Koijärvi is a former municipality of Finland in the former Häme Province, now in Tavastia Proper. It was split between Forssa and Urjala in 1969, most of the land was given to Forssa.

In 1979, Koijärvi and the homonymous lake became known for the Koijärvi movement, which spawned the political party Vihreät.

Geography

Villages 
Kojo (Koijärven kirkonkylä)
Raitoo
Lempää
Kalsu
Matku
Peräjoki
Saviniemi
Suonpää
Vuoltu

Lakes 
The homonymous lake Koijärvi, from which the Koijoki river starts, is known for the birds which make their nests by it.

Distances 
Forssa: ~20 km
Hämeenlinna: 70 km
Tampere: 75 km
Turku: 95 km
Pori: 110 km
Helsinki: 130 km

History

Before separation 
Koijärvi is named after a nearby lake. While Koijärvi literally means "moth lake", it is not the original name: it was most likely Koivujärvi or "birch lake" instead.

The main village, Kojo, has existed at least since the 17th century. The first mention of it was in 1600 as Quoiuull, "at Kojo" (adessive case, in modern Finnish orthography written Kojolla.

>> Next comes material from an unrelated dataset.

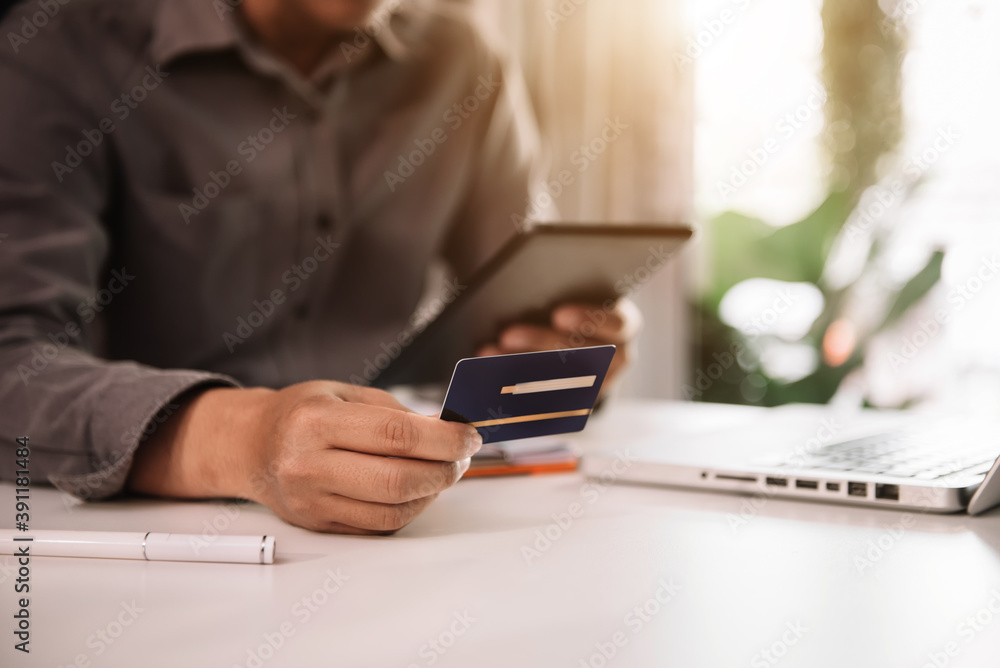 Male businessman use credit cards to conduct financial transactions through phones, tablet, and laptop. Male businessman use credit cards to conduct financial transactions through phones, tablet, and laptop.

Many Tavastian dialects have an apocope of a, pronouncing it as Kojol). The area was mainly within the Tammela parish, originally called Porras.

Independent municipality 
Koijärvi became a separate municipality in 1923. It was formed out of parts of Tammela and Urjala. Forssa was also separated from Tammela in the same year.

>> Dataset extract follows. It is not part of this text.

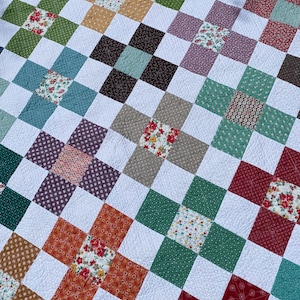 K&ouml;nnte beinhalten: Eine Patchwork-Decke mit einem sich wiederholenden Gittermuster aus wei&szlig;en Stoffquadraten, durchsetzt mit bunten floralen und geometrischen Druckquadraten in Rot-, Gr&uuml;n-, Blau-, Braun- und Gelbt&ouml;nen, die alle mit sichtbaren Steppn&auml;hten verbunden sind.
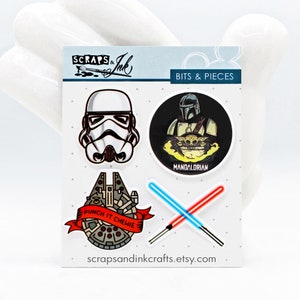 Puede incluir: Un conjunto de cuatro parches termoadhesivos con temática de Star Wars. Los parches presentan un casco de Stormtrooper, un Mandaloriano con Grogu, un Halcón Milenario con el texto "Punch it Chewie" y dos sables de luz cruzados. Los parches están sobre un fondo blanco con el texto "Scraps & Ink" y "Bits & Pieces" en la parte superior.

The old meeting house in Kojo was converted into a church in the 16th of December, 1923. The altarpiece is painted by Elias Muukka. The organ was made in Kangasala in 1968, while the bells were made in Yaroslavl and were originally used in a church built for Russian soldiers in Tammisaari.

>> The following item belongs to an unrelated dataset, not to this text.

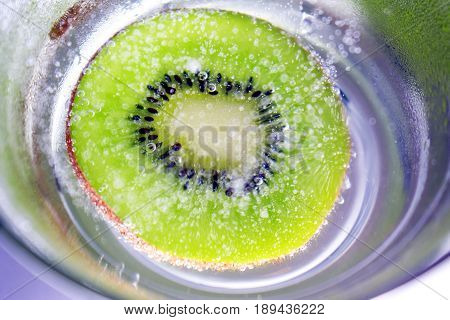 Sliced Kiwi Dropped in a Glass of Fizzy Water
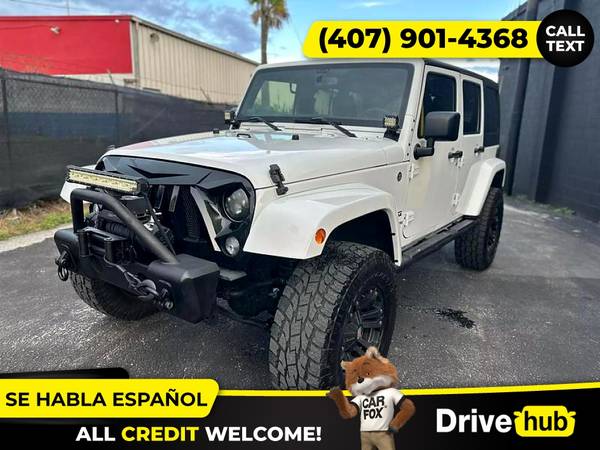 - 2014 Jeep Wrangler Unlimited Sport SUV 4D 4 D 4-D (Drive hub)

Koijärvi was one of the two municipalities without a coat of arms in the 60s, the other being Uudenkaupungin maalaiskunta.

Merger 

The Koijärvi municipality was dissolved in 1969. Most of it, including Kojo, was transferred to Forssa in the south, while small portions of the north were given to Urjala.

Services 

Most of Koijärvi's services are located in Kojo.

Education 
Kojo has a school for grades 1-6 (ala-aste). A daycare is located in the same building.

Commercial 
There is a small grocery store in Kojo.